[Data extract Boundary: Start]

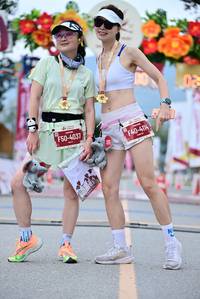 BIB: 
                            <button type="button" onclick="openModal(27831262)" class="btn btn-primary btn-sm float-right btn-popup" data-toggle="modal" data-target=".modal-high-quality">
                        <i class="fas fa-shopping-cart"></i> Add to Cart
                    </button>
                                            <button type="button" onclick="isThisMe(27831262, true)" class="btn btn-success btn-sm float-right btn-popup btn-isme hidden" data-toggle="tooltip" data-placement="bottom" title="นี่คือรูปของคุณใช่ไหม คลิกที่นี่เพื่อเอาเข้าอัลบั้ม">
                        <i class="fas fa-plus"></i> Add to album
                    </button>
                    <button type="button" onclick="isThisMe(27831262, false)" class="btn btn-warning btn-sm float-right btn-popup btn-isnotme hidden">
                        <i class="fas fa-ban"></i> Remove from album
                    </button>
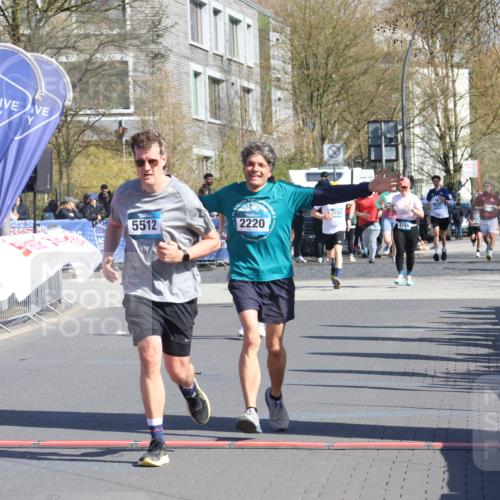 12.04.2026 - 45. Internationalen Wilhelmsburger Insellauf Strokosch-Dieckow http://msf.ph/oto/9464647 12.04.2026 10:56:47 Ziel 2055, 5512, 2220 meine-sportfotos.de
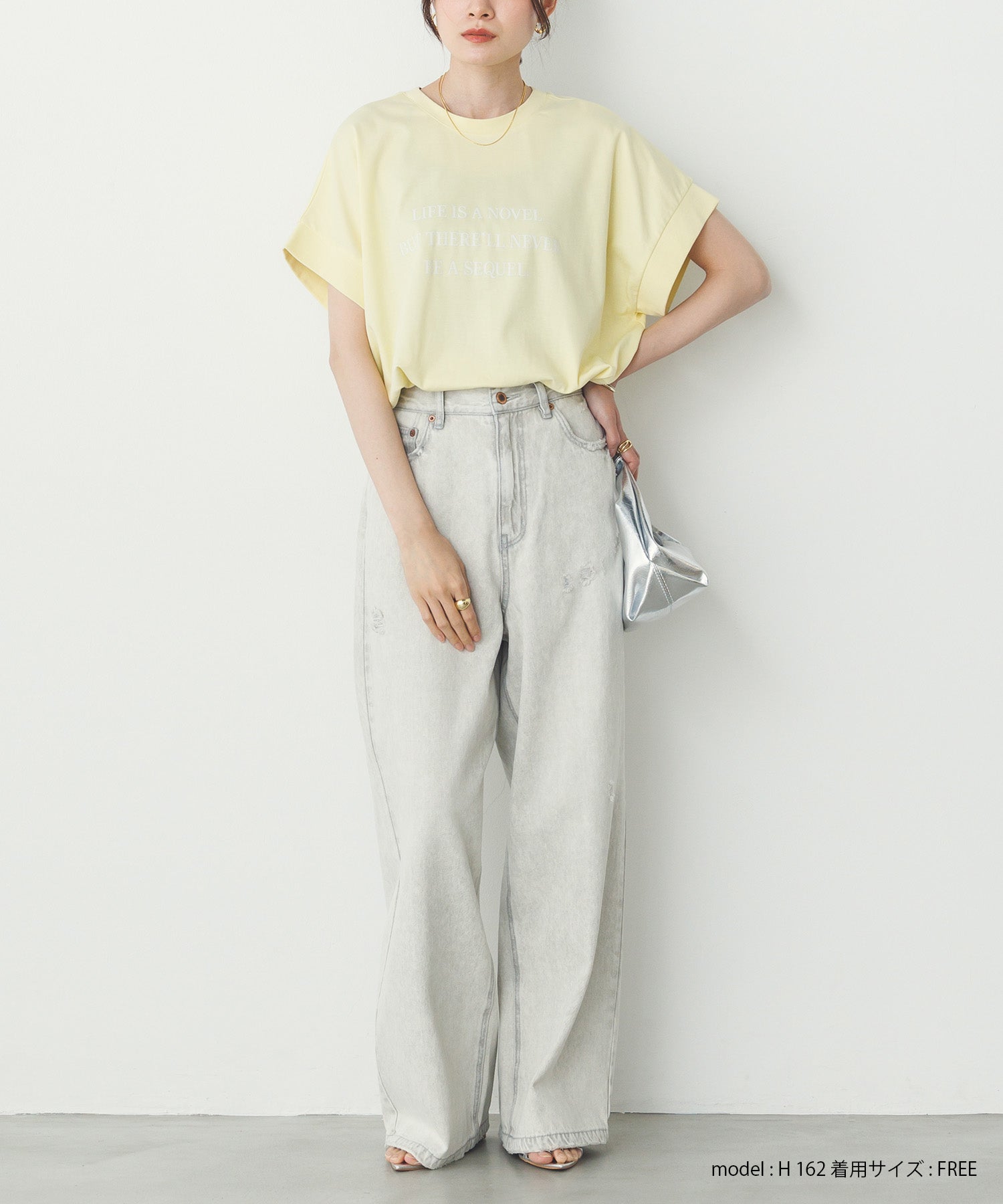 紫外線変化 ロゴTシャツ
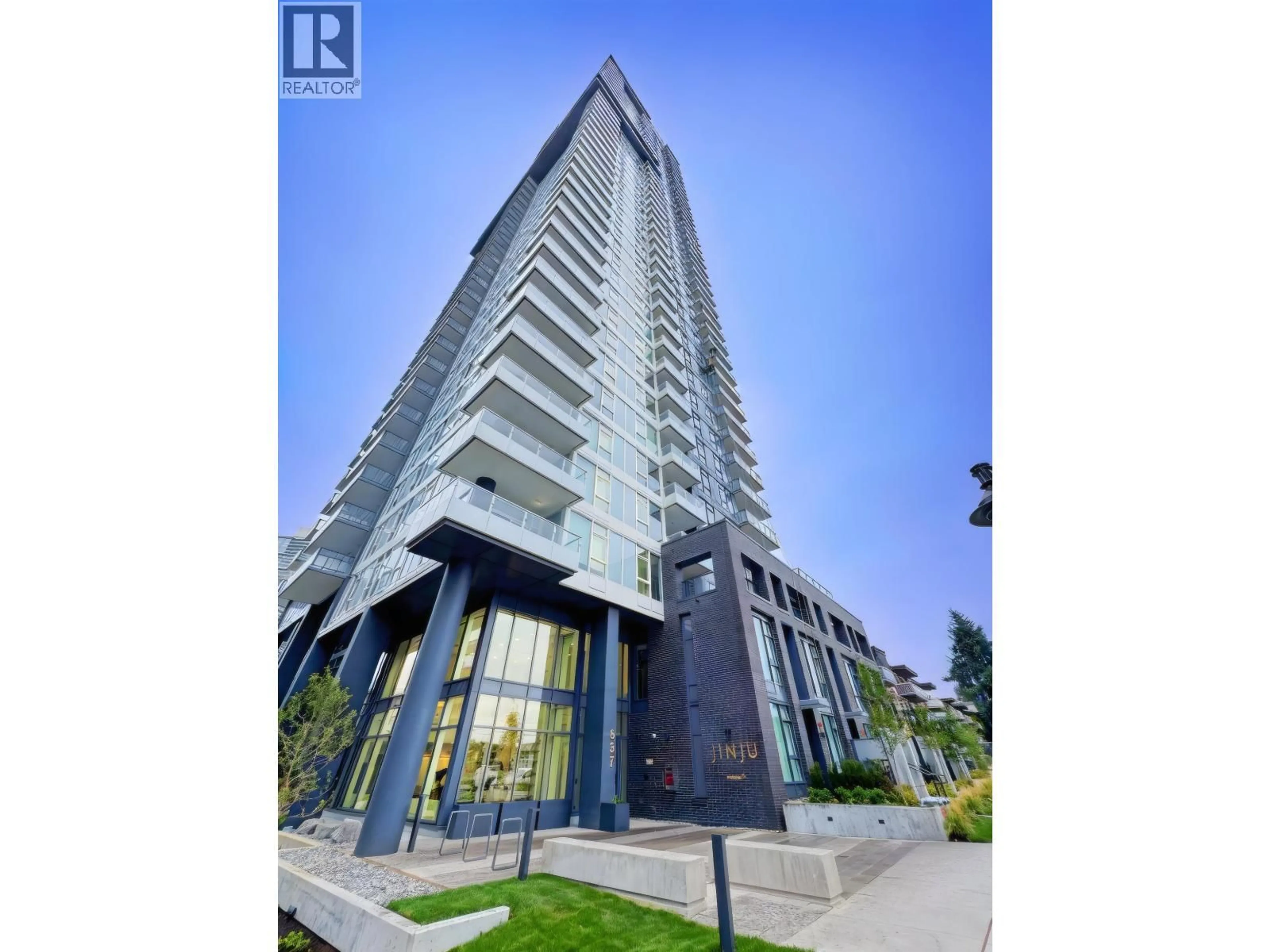 Indoor foyer for 2009 - 537 COTTONWOOD AVENUE, Coquitlam British Columbia V3J0S4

[Data extract Boundary: End]

Work instructions:
Give each record above back word for word, but carry over none of the pictures.

Your response:
 BIB: 
                            <button type="button" onclick="openModal(27831262)" class="btn btn-primary btn-sm float-right btn-popup" data-toggle="modal" data-target=".modal-high-quality">
                        <i class="fas fa-shopping-cart"></i> Add to Cart
                    </button>
                                            <button type="button" onclick="isThisMe(27831262, true)" class="btn btn-success btn-sm float-right btn-popup btn-isme hidden" data-toggle="tooltip" data-placement="bottom" title="นี่คือรูปของคุณใช่ไหม คลิกที่นี่เพื่อเอาเข้าอัลบั้ม">
                        <i class="fas fa-plus"></i> Add to album
                    </button>
                    <button type="button" onclick="isThisMe(27831262, false)" class="btn btn-warning btn-sm float-right btn-popup btn-isnotme hidden">
                        <i class="fas fa-ban"></i> Remove from album
                    </button>
 12.04.2026 - 45. Internationalen Wilhelmsburger Insellauf Strokosch-Dieckow http://msf.ph/oto/9464647 12.04.2026 10:56:47 Ziel 2055, 5512, 2220 meine-sportfotos.de
 紫外線変化 ロゴTシャツ
 Indoor foyer for 2009 - 537 COTTONWOOD AVENUE, Coquitlam British Columbia V3J0S4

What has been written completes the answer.